I did not know I could do that with an array.  I was under the impression that I would have to do something more complicated to prevent assigning an integer to a pointer to an array of integers.

> - opCmp can be simplified, removing the other struct method.

One of those was from when I was first learning how to overload opCmp.  That I could overload it with a struct and something that isn't an object was quite a revelation to me!

> - Some time is spent sorting, so using a faster sort (like my fastSort) you can reduce running time. The running time for this first program goes from 0.85 s to 0.53 s on my old PC.

I have written numerous implementations of sorting algorithms.  I just didn't feel like writing a shell sort by insertion (which I have found to be the fastest for this particular data set) just then.

> The code of your SVGmaker isn't nice looking at all (and it doesn't show the point of the arrow), the Perl version is much more readable and short (despite Perl being generally not much readable). Probably Perl is better for that kind 

You're probably viewing the default run, which bothers to close the path.  The circle blots out most of the arrow.

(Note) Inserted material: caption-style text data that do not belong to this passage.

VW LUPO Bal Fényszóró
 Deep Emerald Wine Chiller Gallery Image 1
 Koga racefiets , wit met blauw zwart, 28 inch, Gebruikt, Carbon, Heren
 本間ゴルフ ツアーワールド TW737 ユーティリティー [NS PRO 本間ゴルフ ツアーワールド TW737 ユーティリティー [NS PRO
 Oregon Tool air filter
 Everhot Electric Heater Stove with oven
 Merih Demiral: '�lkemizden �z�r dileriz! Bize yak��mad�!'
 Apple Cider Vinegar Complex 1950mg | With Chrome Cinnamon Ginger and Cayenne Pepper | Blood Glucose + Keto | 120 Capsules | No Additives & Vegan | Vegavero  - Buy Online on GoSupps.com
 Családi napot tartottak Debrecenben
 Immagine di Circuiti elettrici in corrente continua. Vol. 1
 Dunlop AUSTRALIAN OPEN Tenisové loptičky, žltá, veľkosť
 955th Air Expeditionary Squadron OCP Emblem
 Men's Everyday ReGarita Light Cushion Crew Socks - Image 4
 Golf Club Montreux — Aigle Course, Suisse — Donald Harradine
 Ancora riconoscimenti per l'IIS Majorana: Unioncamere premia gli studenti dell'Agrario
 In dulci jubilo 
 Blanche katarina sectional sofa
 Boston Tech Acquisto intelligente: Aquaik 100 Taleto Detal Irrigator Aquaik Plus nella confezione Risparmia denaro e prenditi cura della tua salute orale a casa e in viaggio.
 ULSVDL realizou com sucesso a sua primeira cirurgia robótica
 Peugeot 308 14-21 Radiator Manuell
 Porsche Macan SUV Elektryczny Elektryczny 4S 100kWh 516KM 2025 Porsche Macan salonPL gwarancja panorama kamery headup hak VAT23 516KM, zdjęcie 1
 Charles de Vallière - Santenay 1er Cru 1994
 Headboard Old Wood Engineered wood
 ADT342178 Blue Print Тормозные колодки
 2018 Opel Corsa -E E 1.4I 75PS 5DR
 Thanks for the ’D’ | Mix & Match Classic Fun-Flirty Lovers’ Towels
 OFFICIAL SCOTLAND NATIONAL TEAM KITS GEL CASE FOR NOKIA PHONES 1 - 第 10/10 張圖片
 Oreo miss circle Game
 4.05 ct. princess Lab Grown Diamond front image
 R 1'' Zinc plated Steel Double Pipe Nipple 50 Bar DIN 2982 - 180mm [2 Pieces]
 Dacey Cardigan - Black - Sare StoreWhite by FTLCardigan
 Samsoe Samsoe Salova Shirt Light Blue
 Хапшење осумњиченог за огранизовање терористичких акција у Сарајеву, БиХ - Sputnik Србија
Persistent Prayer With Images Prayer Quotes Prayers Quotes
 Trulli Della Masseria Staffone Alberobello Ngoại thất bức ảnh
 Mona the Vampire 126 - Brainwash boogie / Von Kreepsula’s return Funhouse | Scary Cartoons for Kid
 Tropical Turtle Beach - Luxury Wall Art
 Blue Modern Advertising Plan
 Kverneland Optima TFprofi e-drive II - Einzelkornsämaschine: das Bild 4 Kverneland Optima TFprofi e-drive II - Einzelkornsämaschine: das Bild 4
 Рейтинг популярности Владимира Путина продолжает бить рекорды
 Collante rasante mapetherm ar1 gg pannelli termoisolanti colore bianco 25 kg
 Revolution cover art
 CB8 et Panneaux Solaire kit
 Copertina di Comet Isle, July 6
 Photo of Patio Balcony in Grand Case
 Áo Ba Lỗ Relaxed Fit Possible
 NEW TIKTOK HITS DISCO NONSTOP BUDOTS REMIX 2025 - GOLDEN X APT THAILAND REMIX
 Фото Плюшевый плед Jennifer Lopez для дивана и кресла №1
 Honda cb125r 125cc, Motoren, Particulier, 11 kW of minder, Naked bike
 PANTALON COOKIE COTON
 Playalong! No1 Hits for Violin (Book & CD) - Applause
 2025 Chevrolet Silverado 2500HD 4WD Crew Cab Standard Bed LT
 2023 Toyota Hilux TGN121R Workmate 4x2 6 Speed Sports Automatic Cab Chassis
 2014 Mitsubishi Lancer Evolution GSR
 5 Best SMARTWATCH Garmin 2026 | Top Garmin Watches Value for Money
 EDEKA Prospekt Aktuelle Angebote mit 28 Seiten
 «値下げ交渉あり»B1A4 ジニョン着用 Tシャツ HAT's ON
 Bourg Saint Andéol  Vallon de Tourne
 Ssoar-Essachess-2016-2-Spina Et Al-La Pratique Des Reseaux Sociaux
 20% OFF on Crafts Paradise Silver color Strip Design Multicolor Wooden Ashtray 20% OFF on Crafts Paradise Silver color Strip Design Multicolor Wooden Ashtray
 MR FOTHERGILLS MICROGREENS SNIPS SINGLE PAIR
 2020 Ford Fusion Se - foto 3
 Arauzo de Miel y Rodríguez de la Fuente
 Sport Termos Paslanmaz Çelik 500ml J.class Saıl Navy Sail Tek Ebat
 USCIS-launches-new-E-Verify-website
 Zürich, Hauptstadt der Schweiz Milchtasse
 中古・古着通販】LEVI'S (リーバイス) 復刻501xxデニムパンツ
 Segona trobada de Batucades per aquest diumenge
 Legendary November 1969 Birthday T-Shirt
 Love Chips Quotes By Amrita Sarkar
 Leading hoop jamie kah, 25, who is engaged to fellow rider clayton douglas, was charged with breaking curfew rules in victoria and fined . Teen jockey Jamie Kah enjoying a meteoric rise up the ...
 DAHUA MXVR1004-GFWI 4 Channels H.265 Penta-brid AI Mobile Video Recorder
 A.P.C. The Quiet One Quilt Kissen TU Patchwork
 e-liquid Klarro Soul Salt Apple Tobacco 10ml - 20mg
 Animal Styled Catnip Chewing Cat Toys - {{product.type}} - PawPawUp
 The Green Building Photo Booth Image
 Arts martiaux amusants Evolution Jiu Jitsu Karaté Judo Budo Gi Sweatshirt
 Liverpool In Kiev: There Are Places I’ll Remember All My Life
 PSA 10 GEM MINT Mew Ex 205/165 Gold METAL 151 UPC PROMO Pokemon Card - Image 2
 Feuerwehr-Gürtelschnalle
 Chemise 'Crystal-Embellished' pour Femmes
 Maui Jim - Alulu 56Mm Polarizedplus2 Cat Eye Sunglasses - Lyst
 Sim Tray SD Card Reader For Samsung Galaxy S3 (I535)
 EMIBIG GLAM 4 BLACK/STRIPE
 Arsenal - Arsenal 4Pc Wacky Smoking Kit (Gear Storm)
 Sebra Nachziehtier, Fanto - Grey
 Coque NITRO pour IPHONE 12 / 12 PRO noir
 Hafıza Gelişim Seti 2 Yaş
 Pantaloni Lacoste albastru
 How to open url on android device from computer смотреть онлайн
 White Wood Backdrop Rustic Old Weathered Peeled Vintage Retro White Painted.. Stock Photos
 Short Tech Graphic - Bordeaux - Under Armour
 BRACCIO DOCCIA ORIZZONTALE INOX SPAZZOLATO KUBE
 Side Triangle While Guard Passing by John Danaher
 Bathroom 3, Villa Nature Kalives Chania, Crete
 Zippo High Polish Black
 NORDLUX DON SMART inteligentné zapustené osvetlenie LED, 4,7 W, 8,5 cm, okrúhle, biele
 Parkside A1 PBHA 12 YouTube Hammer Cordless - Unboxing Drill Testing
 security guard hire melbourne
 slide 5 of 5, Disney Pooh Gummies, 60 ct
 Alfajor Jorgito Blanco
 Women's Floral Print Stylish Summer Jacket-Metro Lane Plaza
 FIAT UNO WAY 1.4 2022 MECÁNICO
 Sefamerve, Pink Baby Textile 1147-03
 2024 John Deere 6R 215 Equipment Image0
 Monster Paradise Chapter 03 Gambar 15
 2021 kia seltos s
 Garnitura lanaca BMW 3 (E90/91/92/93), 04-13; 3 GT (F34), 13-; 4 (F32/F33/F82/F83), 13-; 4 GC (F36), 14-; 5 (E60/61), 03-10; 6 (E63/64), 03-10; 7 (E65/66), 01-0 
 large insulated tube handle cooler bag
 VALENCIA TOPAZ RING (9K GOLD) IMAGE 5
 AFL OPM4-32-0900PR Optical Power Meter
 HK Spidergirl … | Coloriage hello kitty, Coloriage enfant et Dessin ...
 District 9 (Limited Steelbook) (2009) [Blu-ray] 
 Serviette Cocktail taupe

I agree that the Perl version is more readable.  I just needed something in D, since I don't know Perl, nor do I have a Perl interpreter handy.  My D version also can handle variable sized boards, which the Perl version cannot.  I did not feel like learning enough Perl to make it handle variable sized boards, either.

> of code, so you may want to keep it in Perl (and use D for the generation of solutions. Sometimes two languages are better than one). In alternative you can avoid most of the the parsing, creating a second printing function in the first program like this:
> 
> void print_moves(int start_loc_x, int start_loc_y) {
>     char[2 * N * N] moves;
>     foreach(r, row; board)
>         foreach(c, el; row) {
>             moves[el * 2] = '0' + r;
>             moves[el * 2 + 1] = '0' + c;
>         }
>     writefln(moves);
> }

I considered ammending my rules to say that, however, the way it outputs now is nice Wiki Syntax, so I can just throw it into the Wiki without editing it.  That means I can put the SVGs in when I finally get a free moment.

The Wiki output is also a lot easier to read for debugging purposes.

> >I was using Java, and back then with only version 1.4.2 it didn't get very far, or very fast, either.<
> 
> What's the running time of a Java version?

On a 1000MHz Pentium M ULV, it was about fifteen seconds for the first solution set, 30 for the second, and a stack overflow on the third.  I beat the problem until I figured out that it was a limitation of the VM and the garbage management.  I could of course force a garbage collection call more frequently, perhaps in a separate thread, but that would be a little more involved than I was willing to get.  I was a first year CS student, don't blame me!

Java 1.6 is much faster and more robust.  I'm sure that same code (with a few migration changes, eg. the "new" for loop) would run far better with the newer language additions.  I'm not using Java now, I'm learning D.  It was a problem I was familiar with, so I made an implementation in the new language.  It was fun.